Options Trading Risks

| November 22, 2011 | 0 Comments

Option holders and writers are exposed to specific risks that are unique to options. These risks are set forth in the official disclosure document published by The Options Clearing Corporation, “Characteristics And Risks Of Standardized Options“.

Before your broker will allow you to buy or sell an option listed on the U.S. options market, you must first read a copy of this disclosure document.

In order to have success trading any market, it is important to have a firm understanding of the various risks of trading in that market. The options market is no exception. The unique risks taken by option holders and writers are discussed in Chapter X “Principal Risks of Options Positions”. Protect yourself by completely understanding the risks of your chosen option trading strategy before committing your hard earned capital to it.

The following discussion of option trading risks is intended to be a summary of the risks presented in Chapter X and is not meant to be a substitute for the actual disclosure document.

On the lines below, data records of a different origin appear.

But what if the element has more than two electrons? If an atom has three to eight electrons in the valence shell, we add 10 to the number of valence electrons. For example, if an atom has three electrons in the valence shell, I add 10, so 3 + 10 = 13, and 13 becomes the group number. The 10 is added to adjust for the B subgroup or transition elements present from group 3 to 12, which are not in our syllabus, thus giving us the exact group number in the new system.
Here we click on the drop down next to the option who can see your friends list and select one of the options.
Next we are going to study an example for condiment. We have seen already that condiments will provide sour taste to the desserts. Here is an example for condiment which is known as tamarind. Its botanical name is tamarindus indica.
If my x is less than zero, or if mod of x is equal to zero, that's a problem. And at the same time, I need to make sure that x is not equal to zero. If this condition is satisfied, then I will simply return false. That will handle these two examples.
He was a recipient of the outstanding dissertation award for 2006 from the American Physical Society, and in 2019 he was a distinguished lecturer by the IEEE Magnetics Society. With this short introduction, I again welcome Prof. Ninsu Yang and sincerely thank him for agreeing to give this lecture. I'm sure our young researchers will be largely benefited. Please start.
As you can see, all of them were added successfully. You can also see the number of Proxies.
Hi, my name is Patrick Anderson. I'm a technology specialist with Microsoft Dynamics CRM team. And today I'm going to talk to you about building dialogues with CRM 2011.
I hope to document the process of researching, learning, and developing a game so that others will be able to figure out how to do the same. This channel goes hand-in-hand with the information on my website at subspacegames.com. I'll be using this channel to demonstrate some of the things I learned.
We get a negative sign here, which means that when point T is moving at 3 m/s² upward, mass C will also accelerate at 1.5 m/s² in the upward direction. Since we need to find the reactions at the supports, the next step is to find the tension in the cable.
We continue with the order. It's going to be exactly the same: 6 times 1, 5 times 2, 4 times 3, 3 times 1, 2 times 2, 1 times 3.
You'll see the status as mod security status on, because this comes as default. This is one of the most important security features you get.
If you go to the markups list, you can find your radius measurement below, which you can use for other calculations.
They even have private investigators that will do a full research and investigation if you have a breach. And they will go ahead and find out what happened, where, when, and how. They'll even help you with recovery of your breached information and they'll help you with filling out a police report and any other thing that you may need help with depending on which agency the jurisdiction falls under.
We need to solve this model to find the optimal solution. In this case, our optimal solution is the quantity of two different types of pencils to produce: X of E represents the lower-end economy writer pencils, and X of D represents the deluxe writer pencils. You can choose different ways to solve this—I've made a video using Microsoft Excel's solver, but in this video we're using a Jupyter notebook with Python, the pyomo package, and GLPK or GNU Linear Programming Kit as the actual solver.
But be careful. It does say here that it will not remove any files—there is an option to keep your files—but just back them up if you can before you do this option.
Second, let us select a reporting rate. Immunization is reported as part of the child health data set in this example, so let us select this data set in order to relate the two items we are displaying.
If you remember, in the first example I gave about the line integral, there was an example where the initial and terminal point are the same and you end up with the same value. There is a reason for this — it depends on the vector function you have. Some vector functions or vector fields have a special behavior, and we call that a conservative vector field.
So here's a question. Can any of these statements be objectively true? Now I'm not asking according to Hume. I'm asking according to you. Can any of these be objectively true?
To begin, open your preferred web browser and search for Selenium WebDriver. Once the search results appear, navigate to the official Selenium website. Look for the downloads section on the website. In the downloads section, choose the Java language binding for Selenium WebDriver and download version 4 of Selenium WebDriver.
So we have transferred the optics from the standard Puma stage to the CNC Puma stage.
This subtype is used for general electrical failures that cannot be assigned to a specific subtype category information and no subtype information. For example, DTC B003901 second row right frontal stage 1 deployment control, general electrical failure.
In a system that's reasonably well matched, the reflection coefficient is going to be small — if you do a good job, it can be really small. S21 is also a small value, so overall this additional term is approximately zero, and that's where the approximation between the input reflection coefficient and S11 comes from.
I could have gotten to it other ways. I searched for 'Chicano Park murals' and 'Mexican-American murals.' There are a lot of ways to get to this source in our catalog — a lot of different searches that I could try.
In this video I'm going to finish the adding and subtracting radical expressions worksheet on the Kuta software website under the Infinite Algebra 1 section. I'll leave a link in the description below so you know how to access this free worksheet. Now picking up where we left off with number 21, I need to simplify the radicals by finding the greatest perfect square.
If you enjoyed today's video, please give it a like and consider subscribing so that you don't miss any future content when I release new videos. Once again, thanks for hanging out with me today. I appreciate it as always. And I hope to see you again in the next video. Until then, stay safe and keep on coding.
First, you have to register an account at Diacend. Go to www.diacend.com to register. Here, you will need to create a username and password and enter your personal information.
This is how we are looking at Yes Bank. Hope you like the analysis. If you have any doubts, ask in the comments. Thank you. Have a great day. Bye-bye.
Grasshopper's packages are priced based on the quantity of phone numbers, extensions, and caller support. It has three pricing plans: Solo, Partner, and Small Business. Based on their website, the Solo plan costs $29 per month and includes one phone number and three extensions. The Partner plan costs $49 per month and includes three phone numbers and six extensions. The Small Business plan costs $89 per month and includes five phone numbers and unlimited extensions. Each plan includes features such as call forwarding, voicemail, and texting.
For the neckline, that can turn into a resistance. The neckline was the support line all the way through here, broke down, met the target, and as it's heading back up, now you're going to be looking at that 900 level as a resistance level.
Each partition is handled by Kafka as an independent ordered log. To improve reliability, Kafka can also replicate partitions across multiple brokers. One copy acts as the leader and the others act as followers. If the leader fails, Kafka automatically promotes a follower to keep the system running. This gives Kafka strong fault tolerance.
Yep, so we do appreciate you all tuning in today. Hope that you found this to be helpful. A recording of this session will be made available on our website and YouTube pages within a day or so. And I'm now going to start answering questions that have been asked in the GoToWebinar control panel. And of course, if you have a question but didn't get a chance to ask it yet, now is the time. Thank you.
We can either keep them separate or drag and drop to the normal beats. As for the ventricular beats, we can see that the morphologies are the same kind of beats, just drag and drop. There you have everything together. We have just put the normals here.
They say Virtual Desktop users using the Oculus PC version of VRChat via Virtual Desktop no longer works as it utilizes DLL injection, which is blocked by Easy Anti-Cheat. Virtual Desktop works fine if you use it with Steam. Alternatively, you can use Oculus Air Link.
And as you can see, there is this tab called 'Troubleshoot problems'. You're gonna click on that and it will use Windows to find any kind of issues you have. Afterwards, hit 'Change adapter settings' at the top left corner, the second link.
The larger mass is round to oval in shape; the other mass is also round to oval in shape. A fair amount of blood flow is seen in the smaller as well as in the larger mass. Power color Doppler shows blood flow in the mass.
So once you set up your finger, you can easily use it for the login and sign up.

Option Trading Risks Unique To Option Holders

  1. Option holders risk losing the entire amount paid for an option in a relatively short period of time.Failure to sell an option in the secondary market or exercise it prior to expiration may result in a complete loss of the entire investment in the option. This means that you must be right regarding the direction the underlying security’s price will move as well as the timeframe in which the expected move will happen. The amount of leverage utilized with the option will significantly affect the amount of any potential loss.
  2. The risk of losing all or part of the amount paid for an option increases as the option moves further out-of-the-money and approaches its expiration date.
  3. The holder of a European-style option assumes the risk that a secondary market for the option will not be available before it becomes exercisable, and that he will not be able to sell the option during that time period.
  4. The exercise provisions of an option contract may create certain risks for the option holder.(a) A holder of an option without an automatic exercise feature assusmes the risk that it will not be exercised if he fails to exercise it prior to expiration.(b) An option with an automatic exercise feature presents different risks for the option holder:(1) The option may be exercised at a price the option holder would not choose to exercise it. For example, the exercise of an option having a cash settlement amount less than the transaction costs of exercise would result in a net loss for the option holder.(2) An option that could be exercised profitably may not be exercised if the cash settlement amount is less than the minimum amount required for automatic exercise.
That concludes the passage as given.